──────── Data for analysis
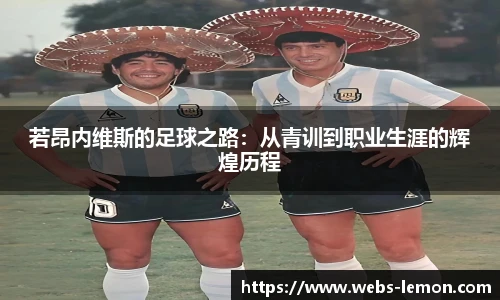 柠檬体育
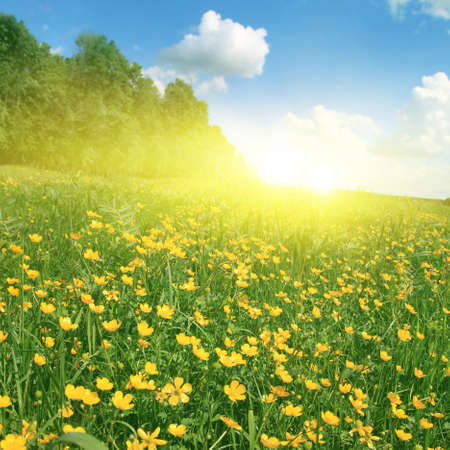 Field of spring flowers, trees, blue sky and sun.の写真素材
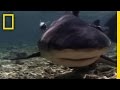 Bull Sharks and Their Habitats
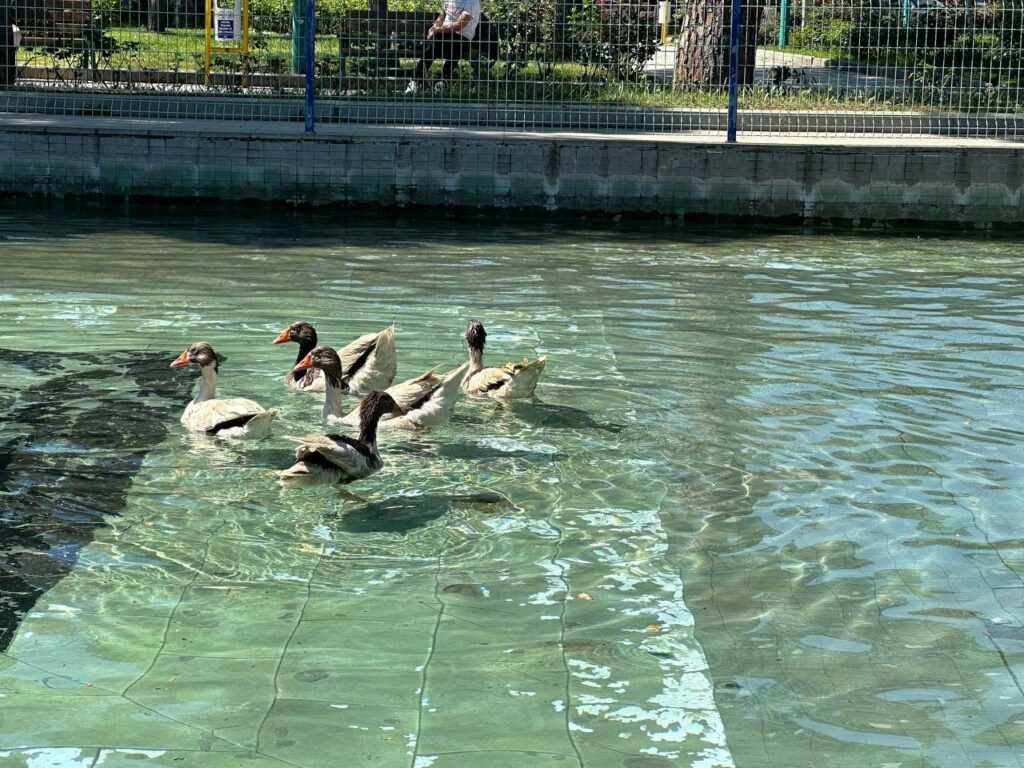 20240406aw178497-6-1024x768 Edremit’in ördekli parkı geri geldi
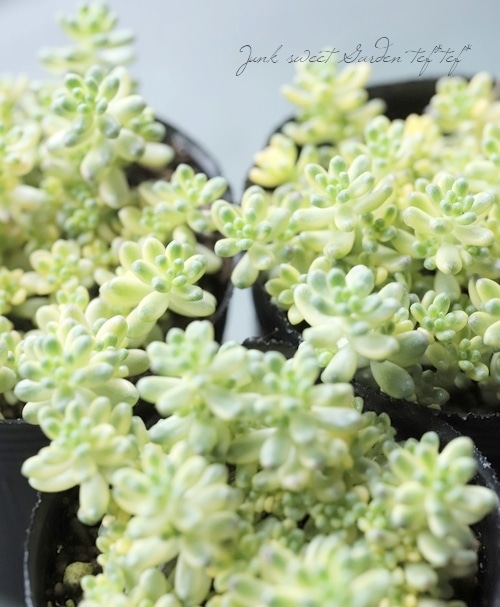 多肉植物】 『斑入りタイトゴメ』 セダム属 | すべての商品 | | Junk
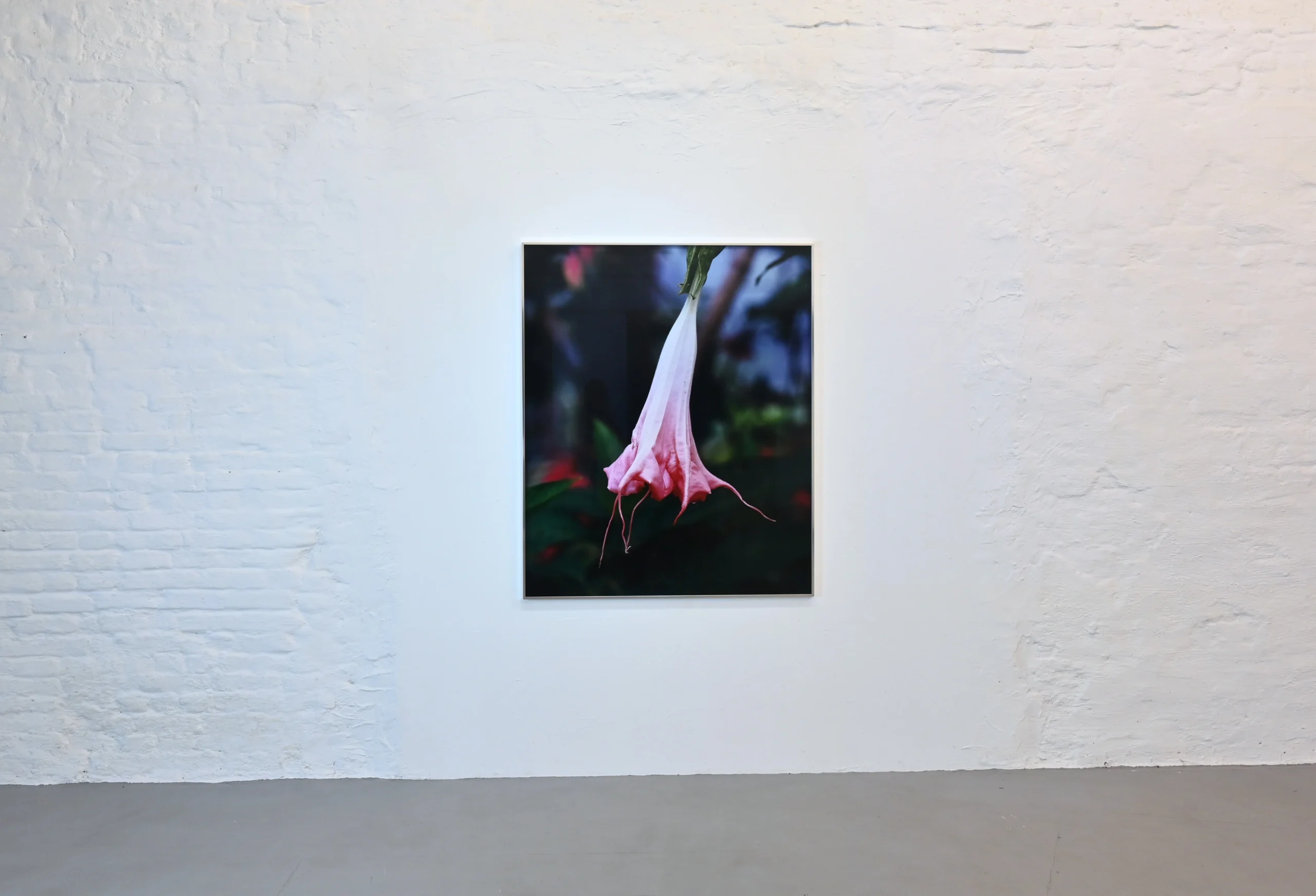 KIMA exhibition view at wildpalms featuring Karen Paulina Biswell’s framed photograph of an Iguaka flower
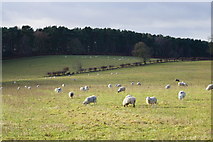 SK1406 : Sheep near Ingleyhill Farm by Bill Boaden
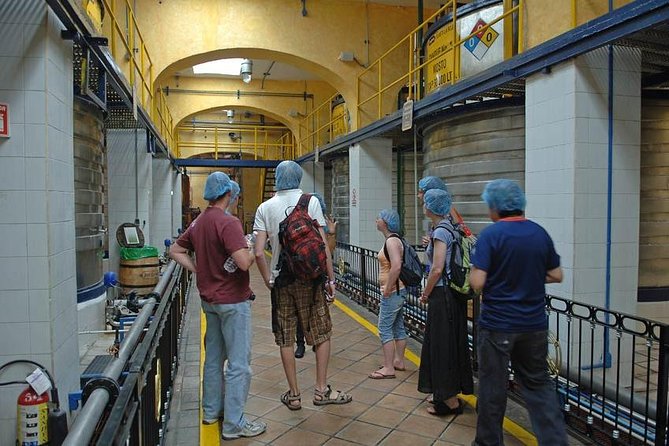 Full-Day Tequila, Jalisco From Puerto Vallarta With Tequila Experience - Reviews and Ratings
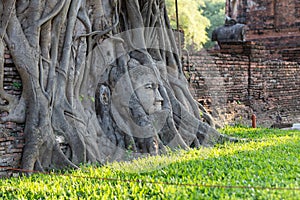 Head of Buddha statue in the tree roots at Wat Mahathat in Ayutthaya Province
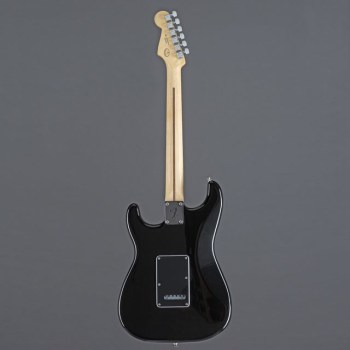 Fender Limited Edition Player Stratocaster MN Double Black купить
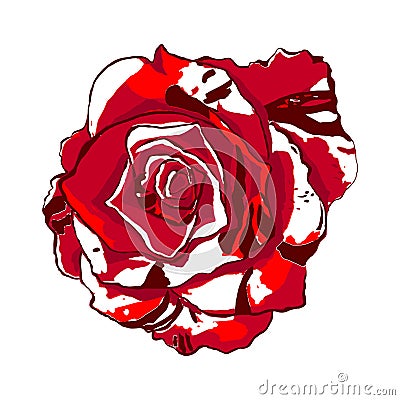 Isolated Red-white rose on a white background. Vector Illustration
────────────────
## About this task:
Print only the lines from the opening line of the listing to the line containing "SK1406 : Sheep", inclusive, exactly as they appear and without pictures.

## Your solution:
 柠檬体育
 Field of spring flowers, trees, blue sky and sun.の写真素材
 Bull Sharks and Their Habitats
 20240406aw178497-6-1024x768 Edremit’in ördekli parkı geri geldi
 多肉植物】 『斑入りタイトゴメ』 セダム属 | すべての商品 | | Junk
 KIMA exhibition view at wildpalms featuring Karen Paulina Biswell’s framed photograph of an Iguaka flower
 SK1406 : Sheep near Ingleyhill Farm by Bill Boaden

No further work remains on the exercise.